Why you should trust us
I've researched and tested power products for Wirecutter, including USB battery packs, residential solar power, uninterruptible power supplies, and home surge protectors, since 2015. Our surge tests for this most recent update were performed by our consulting engineer, Lee Johnson, who has more than 10 years of experience designing and testing electrical components, including performing tests for Wirecutter on larger surge protectors. In earlier versions of this guide, Richard Baguley, who designs tests at Reviewed.com, provided input on our testing procedures and the general topic of surge protection.
Who should buy this
A portable power strip is great to have while you're traveling. Having additional outlets can be a (battery) lifesaver in airports and hotels, where wall outlets can be few and far between. A power strip that you can easily pack into a carry-on or bag can mean the difference between enjoying fully charged devices on the plane or trying to stretch the last 10 percent of your battery over an hours-long flight.
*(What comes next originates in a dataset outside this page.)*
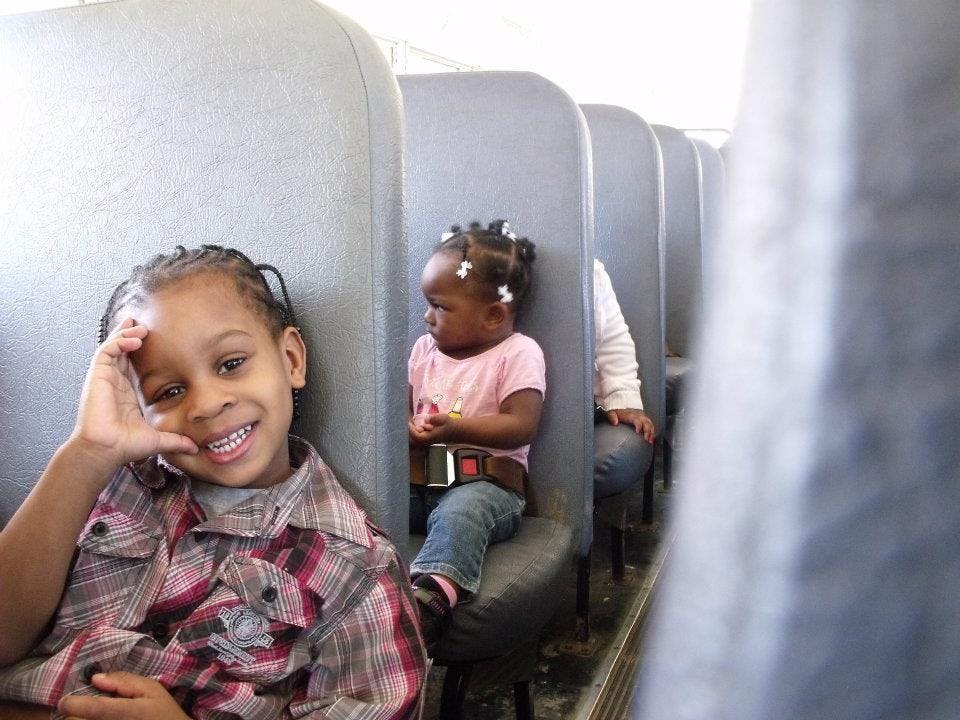 Child smiling at camera, another child looking away on a bus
In many older houses and apartments that don't have a lot of wall outlets, a small power strip can be helpful to gain a couple of extra outlets, particularly in rooms (such as the kitchen, bathroom, or bedroom) where you may not have the space for a full-size surge protector, or where it can be handy to have USB outlets to plug in your phone or other small electronics.
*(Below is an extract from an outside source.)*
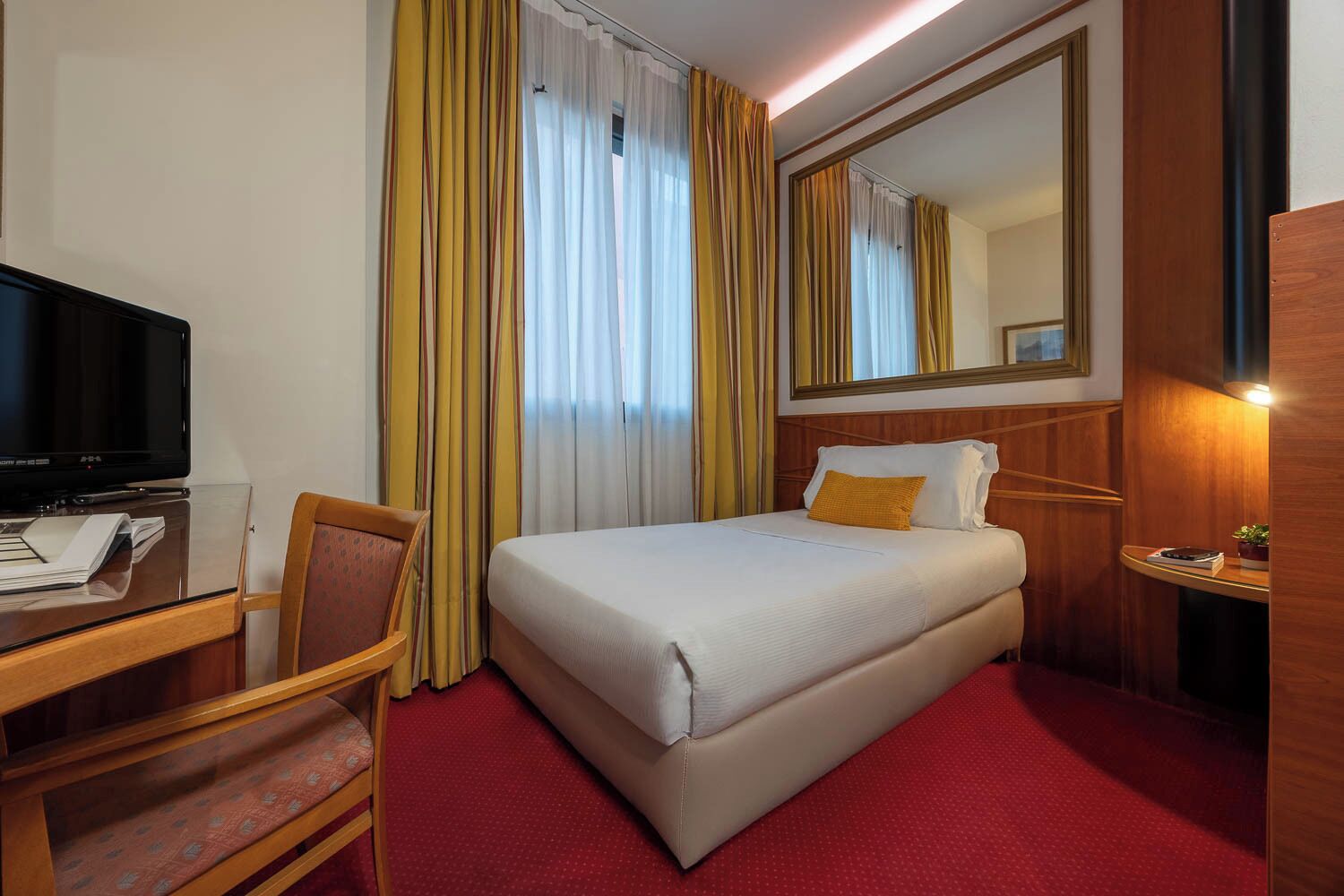Habitación de hotel con cama, escritorio con televisor, una silla, espejo y alfombra roja.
Generally, a power strip is a device that merely adds extra outlets; a surge protector also adds protection against—you guessed it—power surges. Most portable versions are surge protectors in name only, and don't provide a level of protection that we would trust long-term. We've highlighted any models that have surge protection similar to what you'd expect from a home version.
How we picked
We didn't find many useful professional reviews of travel power strips, so we started from scratch with our own criteria.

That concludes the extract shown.